#### Task to complete
The answer must be an exact copy of the lines from the one containing "2024 Ram 3500" through the last line of the records, with no pictures.

*** Task inputs Section Begins ***

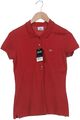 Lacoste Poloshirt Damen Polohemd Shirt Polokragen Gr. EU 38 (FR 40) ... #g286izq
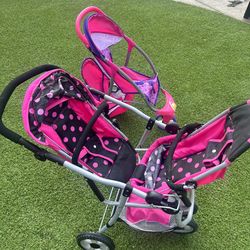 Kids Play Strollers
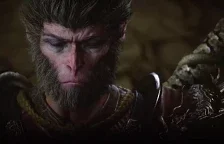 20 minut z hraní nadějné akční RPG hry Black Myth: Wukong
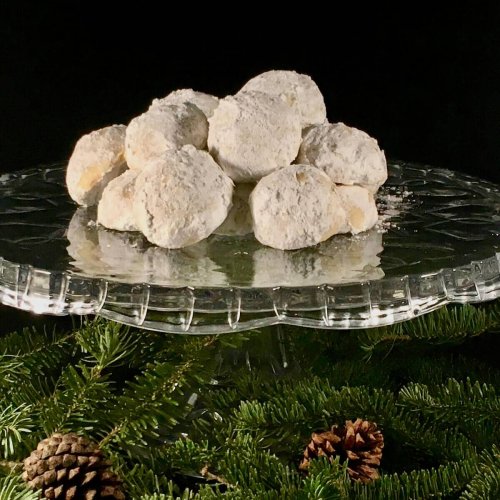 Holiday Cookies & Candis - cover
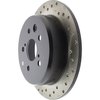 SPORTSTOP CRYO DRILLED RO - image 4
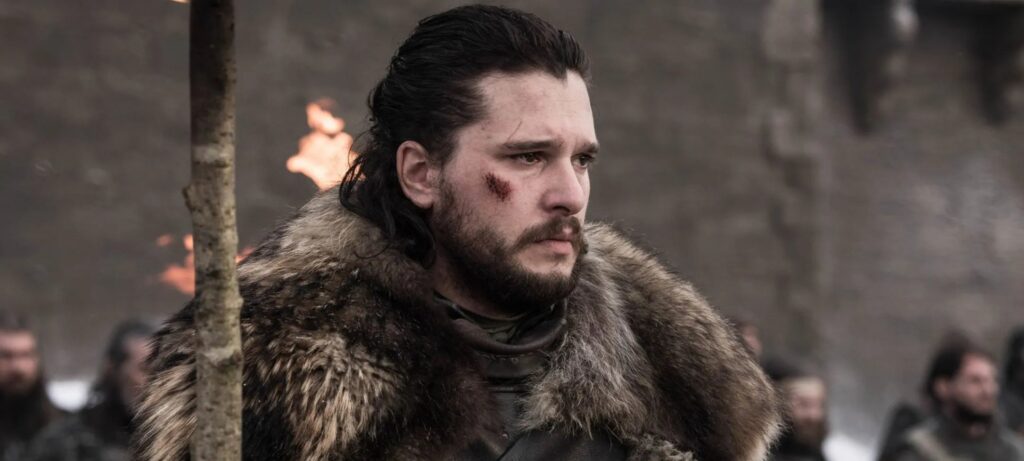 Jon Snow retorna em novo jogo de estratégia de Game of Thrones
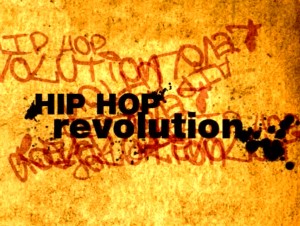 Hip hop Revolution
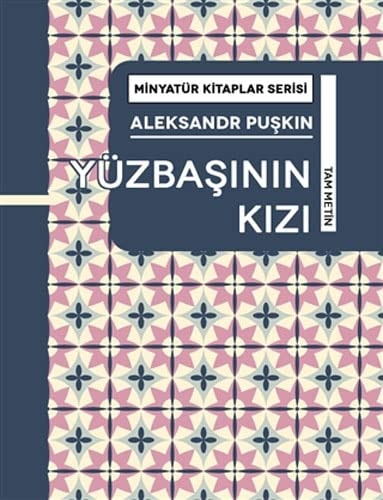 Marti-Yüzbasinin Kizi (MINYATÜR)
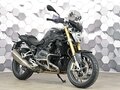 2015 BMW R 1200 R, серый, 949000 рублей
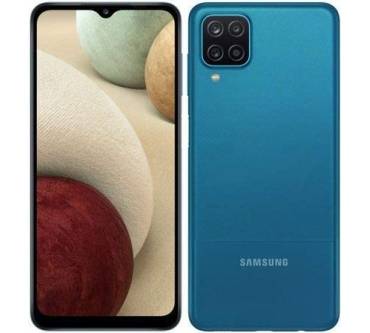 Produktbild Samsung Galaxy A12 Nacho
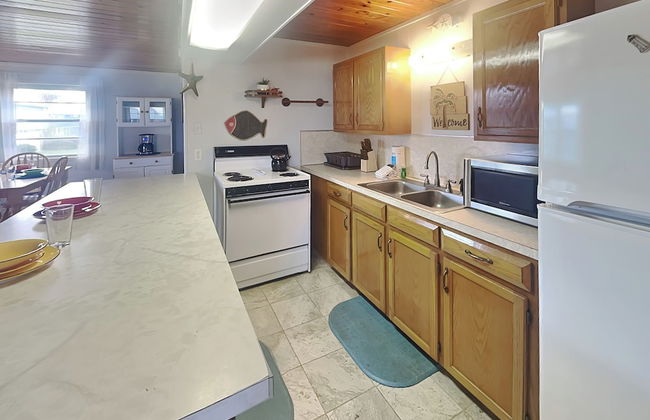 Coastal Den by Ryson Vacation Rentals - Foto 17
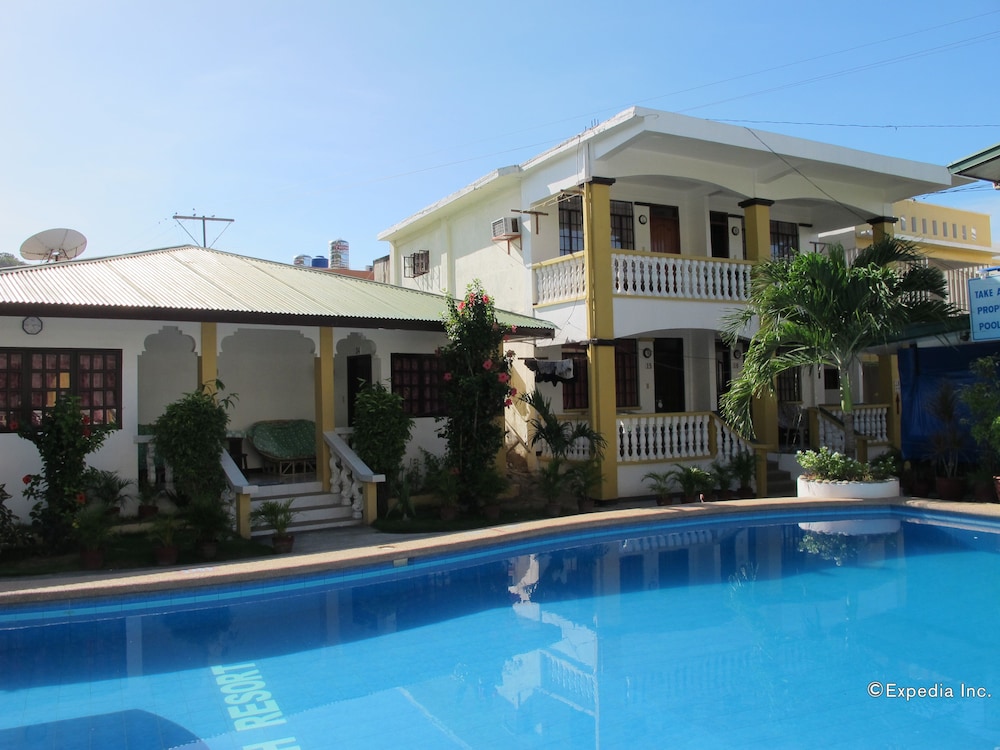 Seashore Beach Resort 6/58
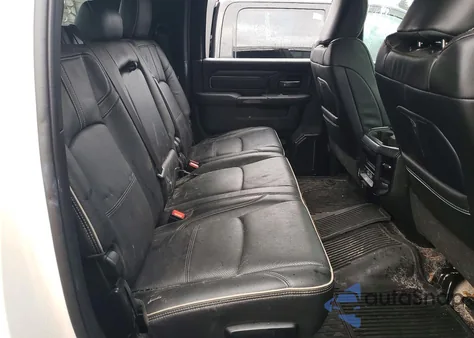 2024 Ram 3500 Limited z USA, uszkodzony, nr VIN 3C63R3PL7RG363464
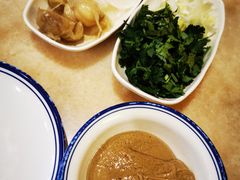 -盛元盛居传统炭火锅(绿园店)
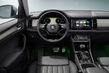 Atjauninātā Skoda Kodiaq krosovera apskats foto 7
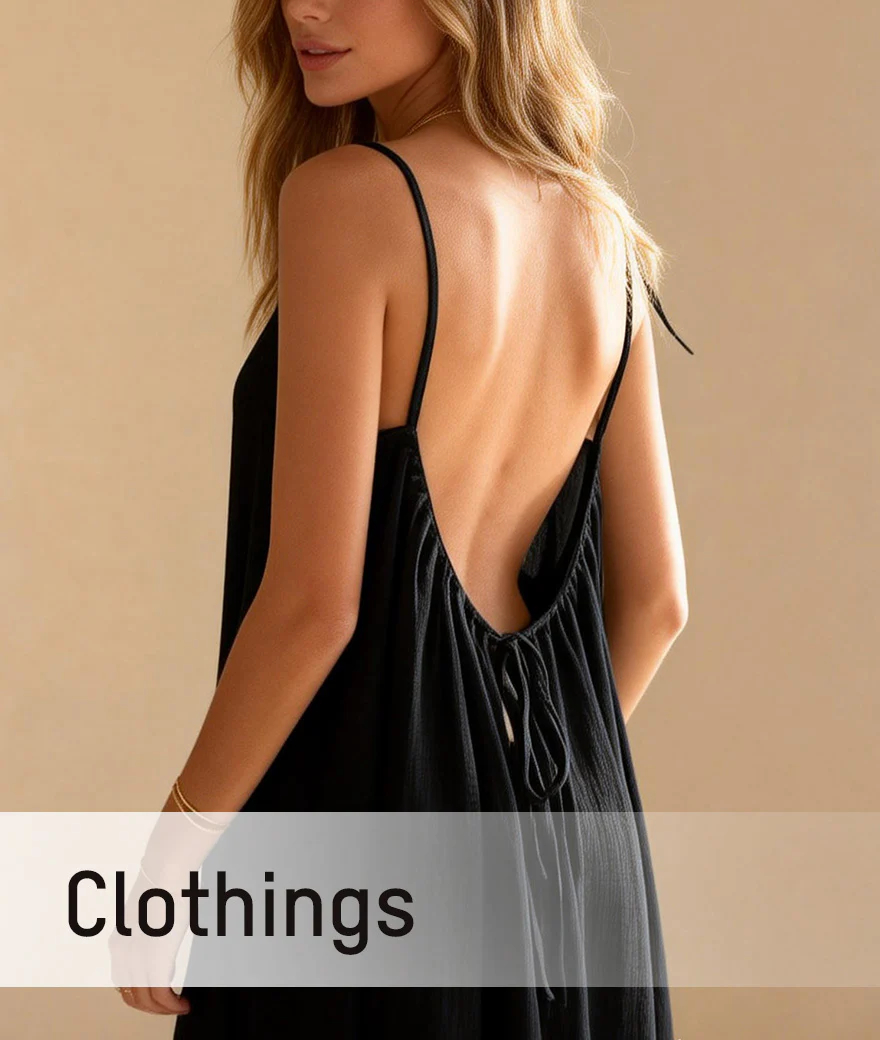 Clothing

*** Task inputs Section Ends ***

#### Answer to the exercise
 2024 Ram 3500 Limited z USA, uszkodzony, nr VIN 3C63R3PL7RG363464
 -盛元盛居传统炭火锅(绿园店)
 Atjauninātā Skoda Kodiaq krosovera apskats foto 7
 Clothing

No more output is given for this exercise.